In its lawsuit, Voya alleges that Focus has defaulted on the loan agreement in multiple ways, and still owes the company more than $50 million.
Voya said that the agreement requires Focus to deposit all rents into an account Voya manages, but that Focus has not been doing so.
Voya says Focus has more than $500,000 in unpaid invoices for services and charges related to the property, including some for which Voya had specifically given Focus money to pay the bills. Among those owed money is CBRE, a real estate firm that provides leasing, property management and other services. Focus owes CBRE more than $100,000, Voya alleges.
“CBRE had been engaged by Borrowers to provide certain limited property management services at the Property; however, Borrowers restricted CBRE’s involvement with the Property and prohibited CBRE from handling any finances associated with property operations,” Voya’s lawsuit reads.
Voya wants CBRE executive Judy Duran appointed as receiver.
Voya’s lawsuit also said Focus has stopped providing contractually provided services, including security, at the property and failed to keep the property in good condition as the loan agreement requires.
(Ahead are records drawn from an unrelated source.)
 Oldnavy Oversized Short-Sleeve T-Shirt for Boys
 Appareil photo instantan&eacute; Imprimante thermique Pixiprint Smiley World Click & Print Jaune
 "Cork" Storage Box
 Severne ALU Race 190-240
Specifically, a parking garage on the property has been closed “due to cracking concrete and concrete that was falling from the parking structure,” according to Voya, which said it asked Focus to provide third-party reports about the scope of the damage but that none have been provided.
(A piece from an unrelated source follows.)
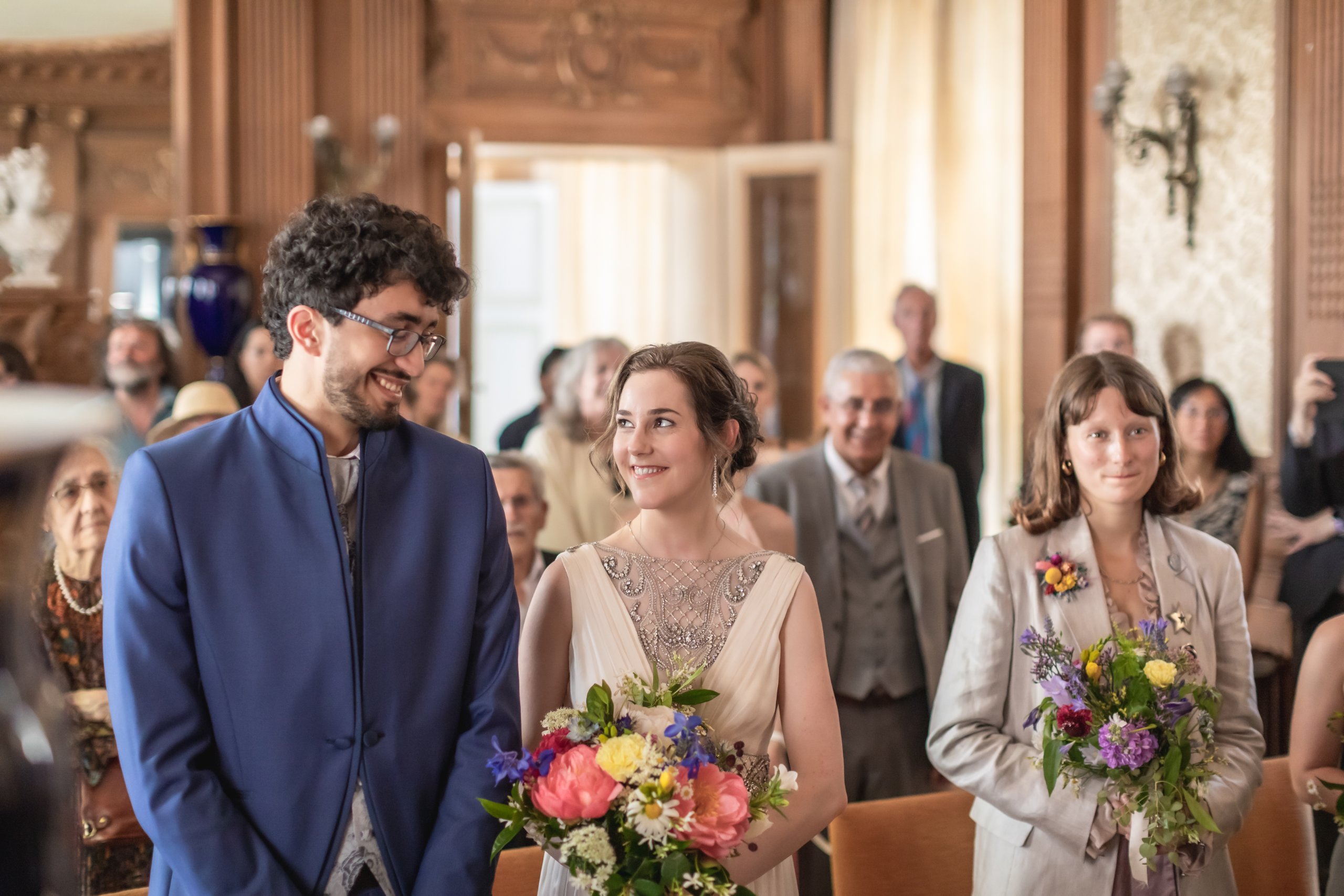 Boda en París (Sèvres), junio de 2023 — foto 4 de 33, hecha por Joseph J.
Finally, Voya claims local authorities have told Focus that code-compliant fire doors and water mains must be installed throughout the property in order for future construction permits to be issued. The lender says Focus’ failure to install them raises “life-safety issues,” and also means that vacant space can’t be built out for future tenants.
Voya says it’s undersecured, meaning the Triad property is worth less than the $50 million the company is owed.
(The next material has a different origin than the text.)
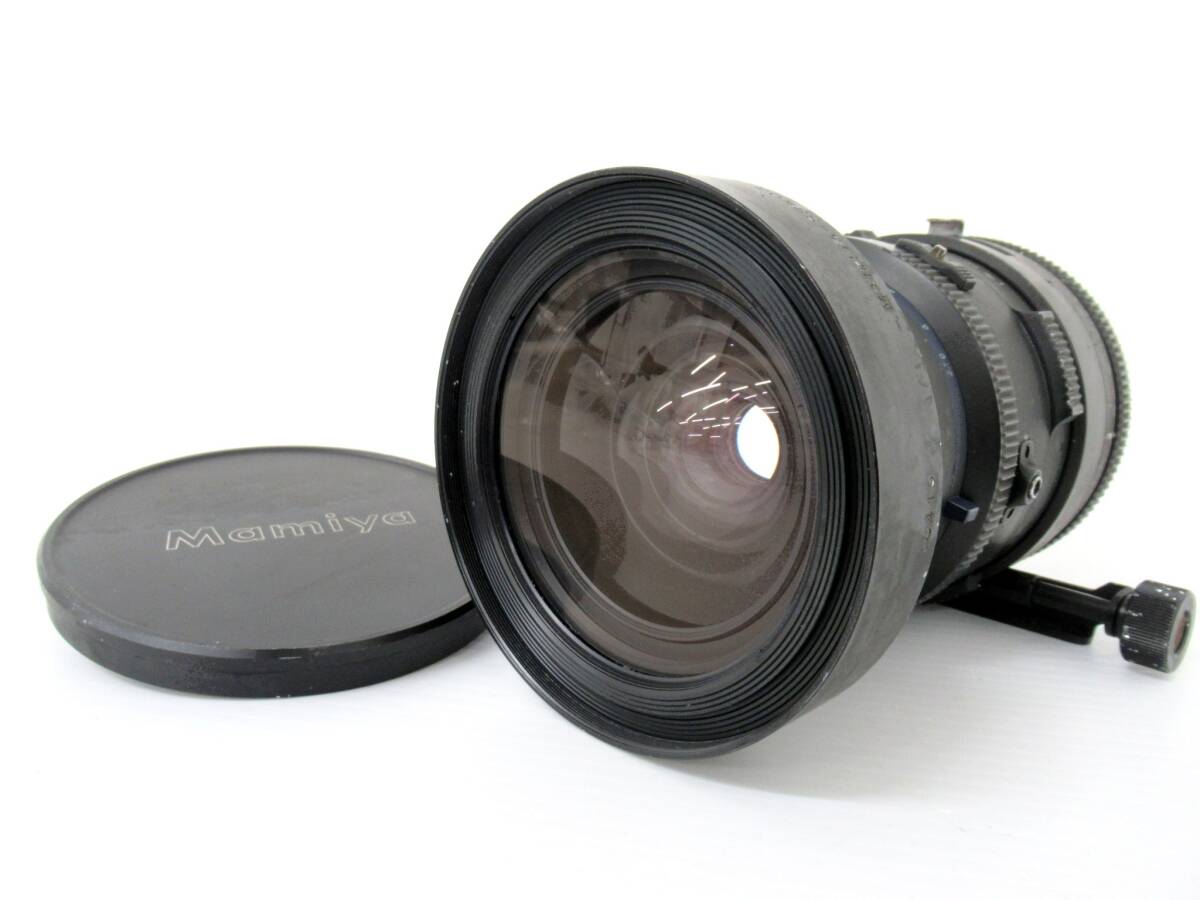 Yahoo!オークション -「mamiya sekor z 75 4.5 w shift」の落札相場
Summarizing its pitch for a receiver, Voya wrote in its suit: “Protecting and preserving the income stream from tenants at the Property is critical to preserving the existing value of the Property pending foreclosure, especially in today’s office market where excess office space is abundant due to hybrid home/office work arrangements and landlords face significant pressure to lower rents and provide concessions in order to retain existing tenants and solicit new tenants.”
The company said it intends to proceed with foreclosure. Attorney William Meyer of Polsinelli is representing Voya.
Across the street from Triad, a vacant 164,000-square-foot office building last used by Comcast is scheduled for auction in May. A mile away, however, another Greenwood Village landlord has a more optimistic outlook on the local office market. Granite Properties has submitted plans for a new office building next to the one it owns at 6430 S. Fiddlers Green Circle.